> [GOAL OF THE EXERCISE] Your answer should repeat the entries in full, exactly as given, with no pictures.
== Segment start ==
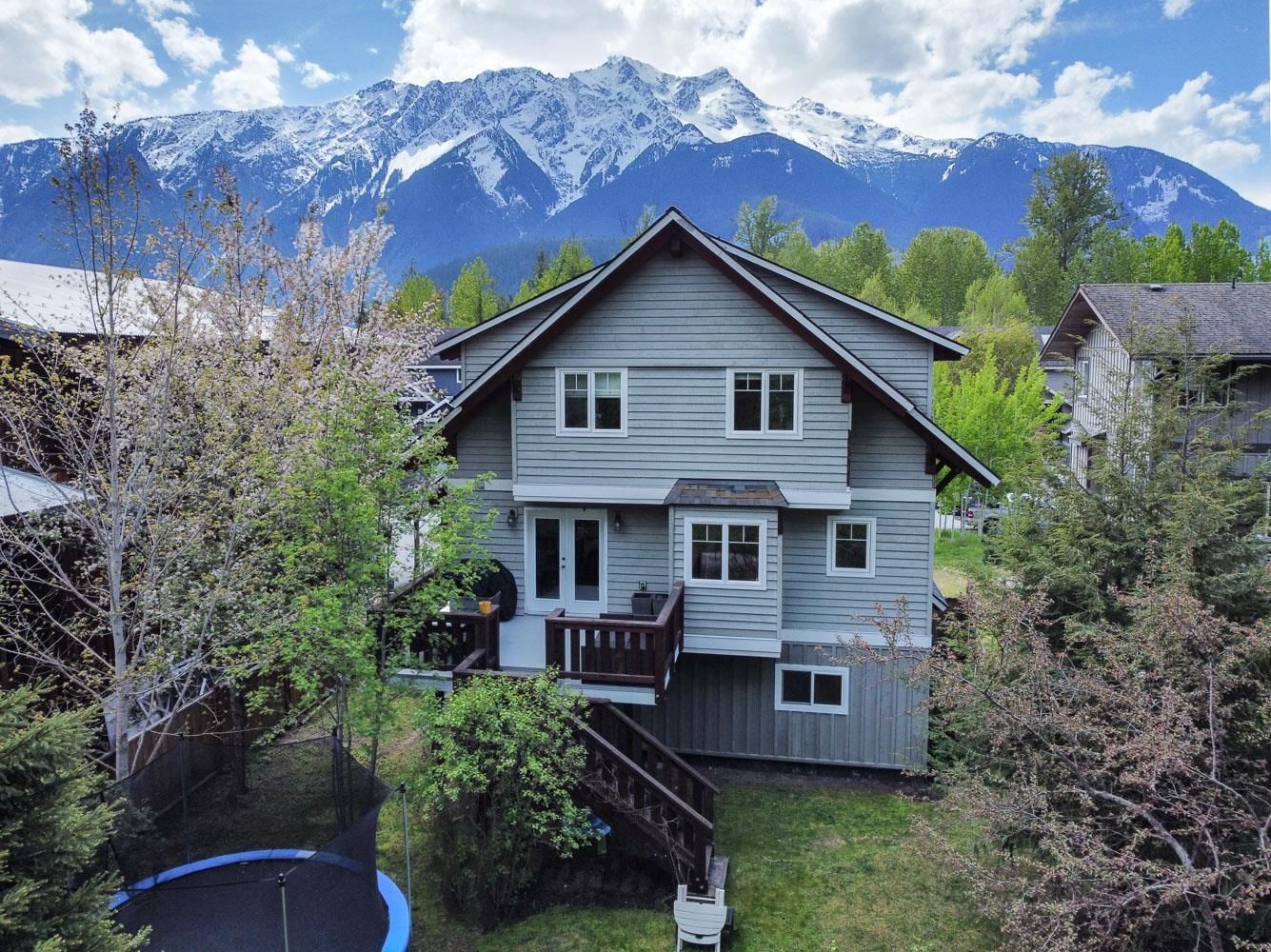 Listing Image 19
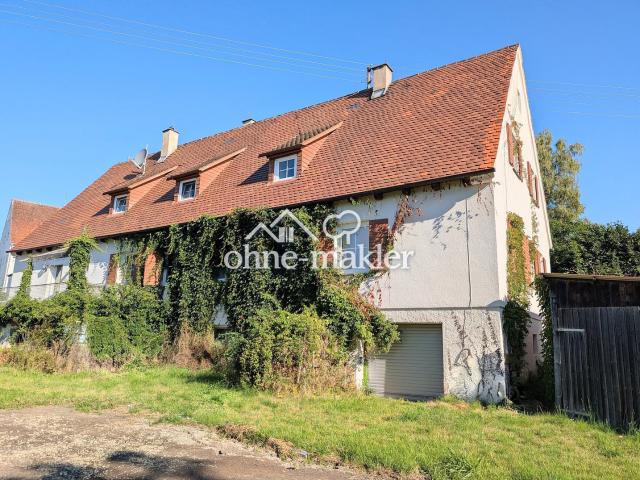 Provisionsfrei Großzügiges 1 2 Familienhaus, großes Grundstück – ideal für Tierliebhaber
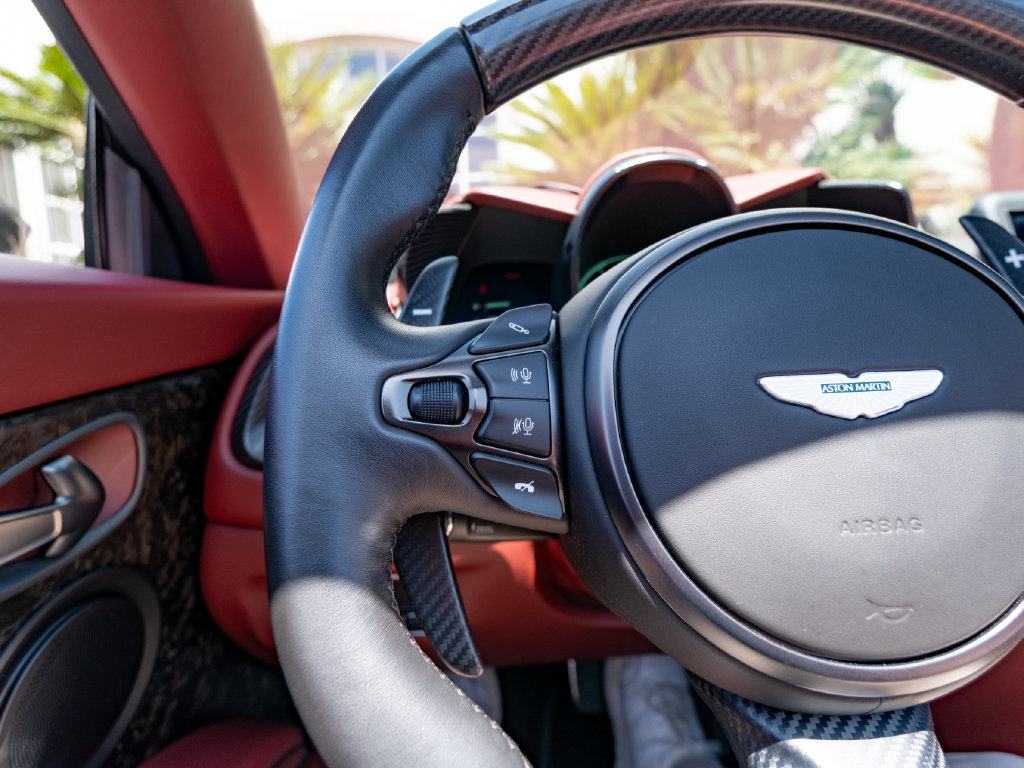 Used 2020 Aston Martin DBS Superleggera Volante RWD image 20
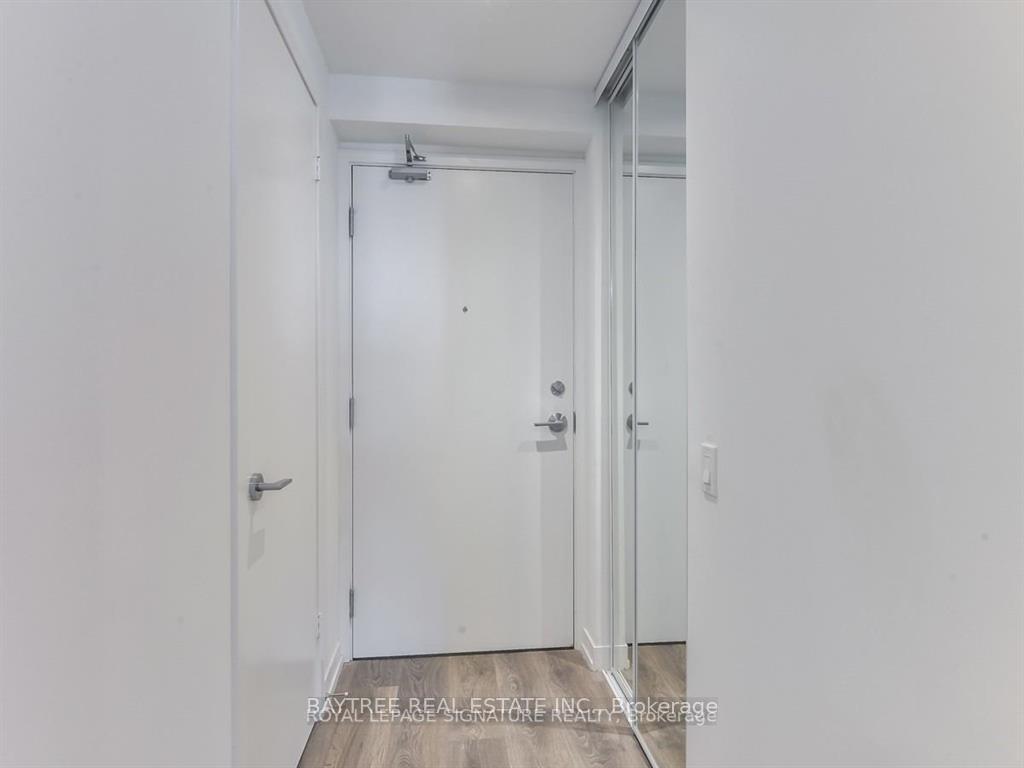Photo 4 of Unit 3607, 5 Buttermill Avenue, Vaughan, Vaughan Corporate Centre — HOMEH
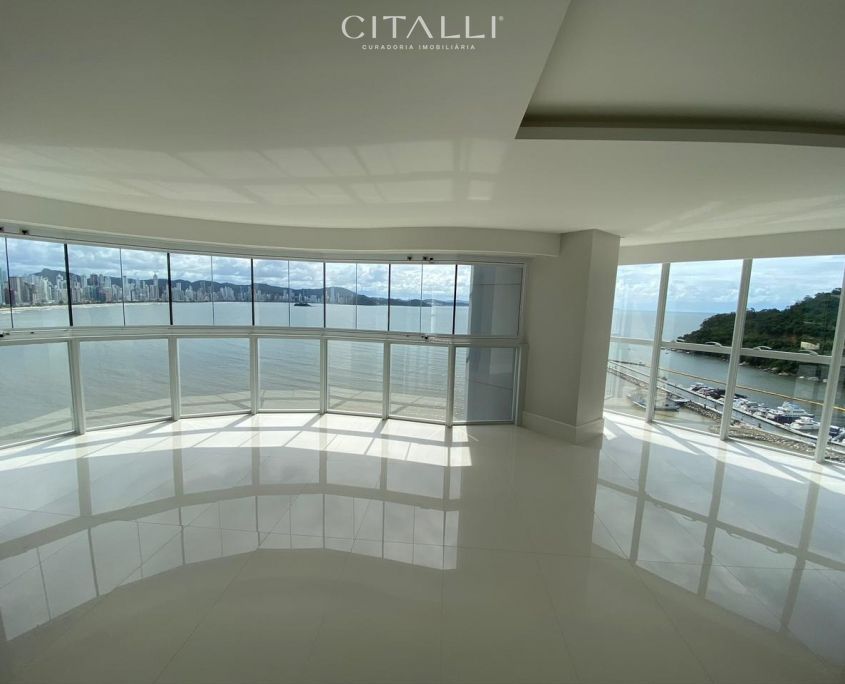 Apartamento no Edifício Ibiza Towers em Balneário Camboriú com 237 m² - Foto 2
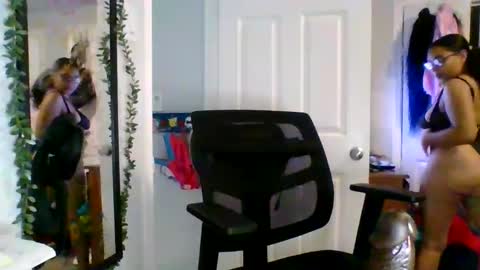 Snapshot of prissyymissyy chatting on 10.24.25 prissyymissyy online show from 10.24.25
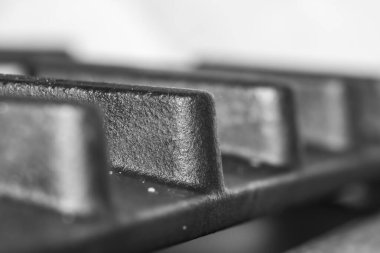 Gaz pişirme aralığının yakın çekim görüntüleri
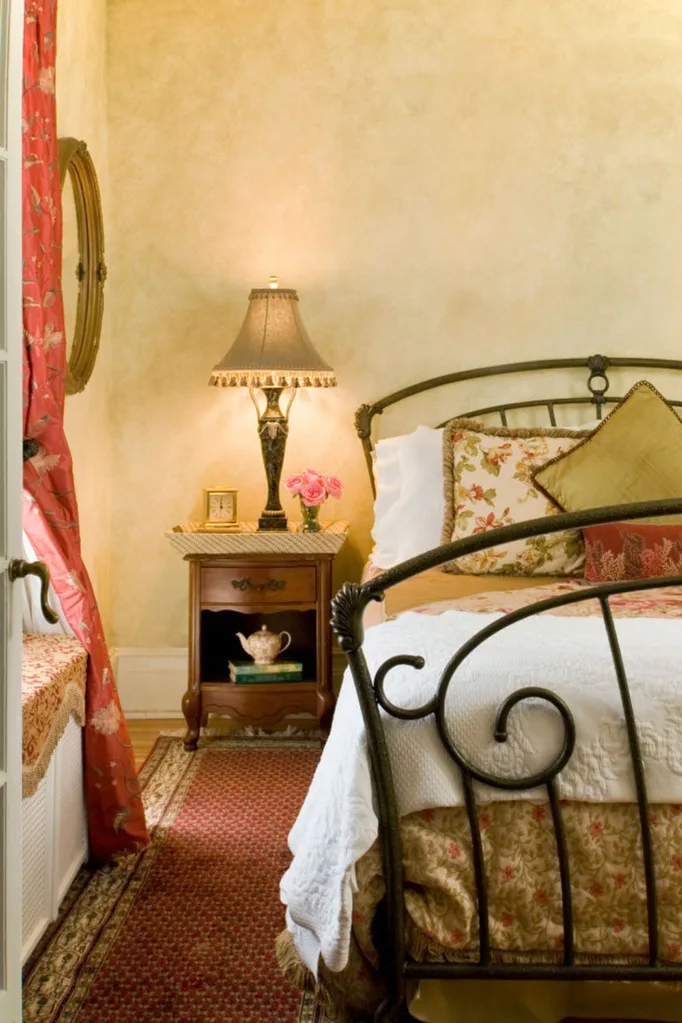 colours-that-go-with-red-wrought-iron-bed-red-curtains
== Segment end ==
> [EXPECTED OUTPUT]
 Listing Image 19
 Provisionsfrei Großzügiges 1 2 Familienhaus, großes Grundstück – ideal für Tierliebhaber
 Used 2020 Aston Martin DBS Superleggera Volante RWD image 20
Photo 4 of Unit 3607, 5 Buttermill Avenue, Vaughan, Vaughan Corporate Centre — HOMEH
 Apartamento no Edifício Ibiza Towers em Balneário Camboriú com 237 m² - Foto 2
 Snapshot of prissyymissyy chatting on 10.24.25 prissyymissyy online show from 10.24.25
 Gaz pişirme aralığının yakın çekim görüntüleri
 colours-that-go-with-red-wrought-iron-bed-red-curtains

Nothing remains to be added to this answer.